As this morning’s “Monday Numbers”  make clear, the coal ash clean-up legislation making its way through the General Assembly falls short in numerous ways. This statement from the League of Conservation Voters  expands on this conclusion:
Legislative Watch: Not Good Enough on Coal Ash
“We could and should have done better for the citizens of North Carolina,” declared Rep. Pricey Harrison (D-Guilford).
The N.C. House last week approved its version of SB 729, “Coal Ash Management Plan of 2014”, but the bill was not the significantly strengthened alternative that conservationists had been hoping to see. Instead, it continued to show the same major flaws found in the original Senate bill, plus one associated with its proposed new coal ash board:
• It fails to assign financial responsibility for cleanup to Duke Energy and its stockholders, leaving the likelihood that ratepayers will end up paying billions to correct Duke’s coal ash management errors.
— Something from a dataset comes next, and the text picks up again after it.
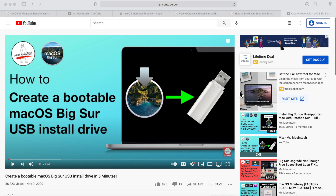The first thing we're going to need to make this easy is a USB installer for either macOS Big Sur or Catalina. Mojave's fine too — they all work as long as your Mac supports the previous operating system. If you want to go back down to Big Sur, I'll leave a link in the description for how to create a bootable Big Sur installer drive and download Big Sur. Come back to this video once you have the USB installer made.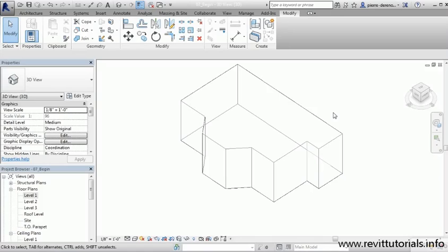That's how we create a simple mass. We learned how to generate a 2D surface, use Create Form to turn it into a 3D form, work with temporary dimensions to control spacing and proportions, and use 3D controls to shape the form. In the next lesson, I'll show you how to work with massing floors and the roof to get a better idea of how this stacking model will work.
• It allows coal ash pits to be “capped in place”, avoiding genuine cleanup and leaving groundwater and surface waters vulnerable to continued leaking and contamination.
• It fails to direct expeditious closure and cleanup of most coal ash pits, allowing long delays before corrective action.
• It authorizes a newly created Coal Ash Management Commission to delay cleanups and extend deadlines even further if it concludes that needed fixes are too expensive.
During extended floor debate, a majority of House members voted to reject numerous proposed strengthening amendments to the bill, including suggested additions to the priority cleanup list of sites. The House even rejected, 51-59, a modest suggestion of adding to the membership of the proposed ash commission an individual resident of a neighborhood near a coal ash pit.
SB 729 now returns to the Senate, which is expected to reject the House version and set up a conference committee to work out a compromise between the chambers. Conservationists regret that those talks appear unlikely now to include the strong and swift cleanup plans actually needed.